Data:
☆ ☆ ☆ ☆ ☆ ☆ ☆

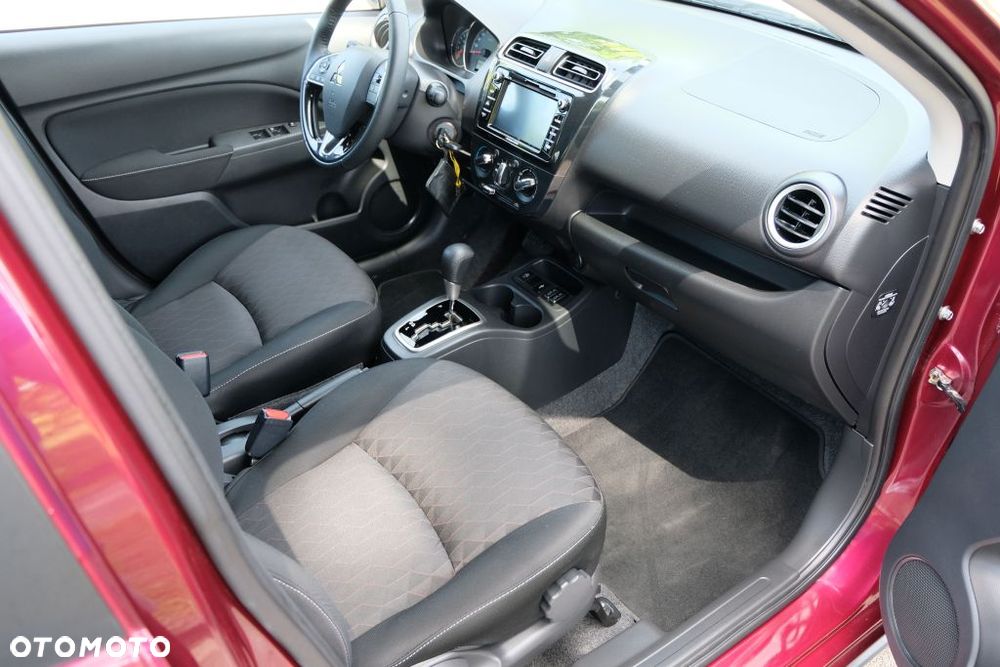 Mitsubishi Space Star 1.2 Clear Tec CVT Shine+ - 10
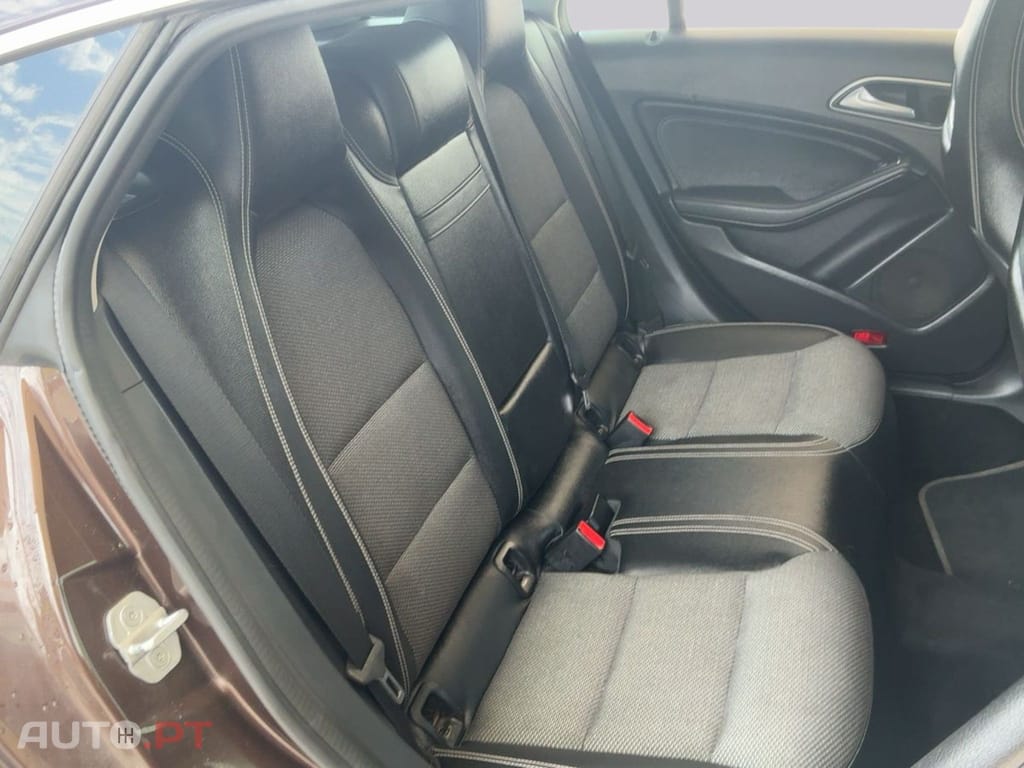 Mercedes-Benz CLA 180 d Shooting Brake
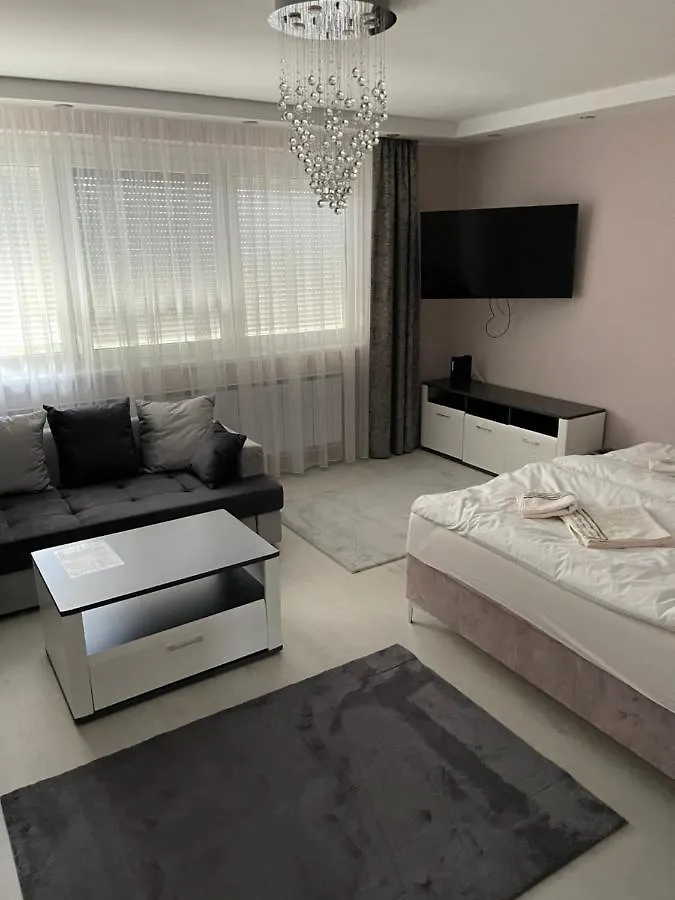Homestay Classic Silver Apartman Szeged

☆ ☆ ☆ ☆ ☆ ☆ ☆

In the listing, find the line with "Mercedes-Benz CLA 180 d Shooting Brake" and retype exactly from there through the last line, both included, leaving the pictures out.

 Mercedes-Benz CLA 180 d Shooting Brake
Homestay Classic Silver Apartman Szeged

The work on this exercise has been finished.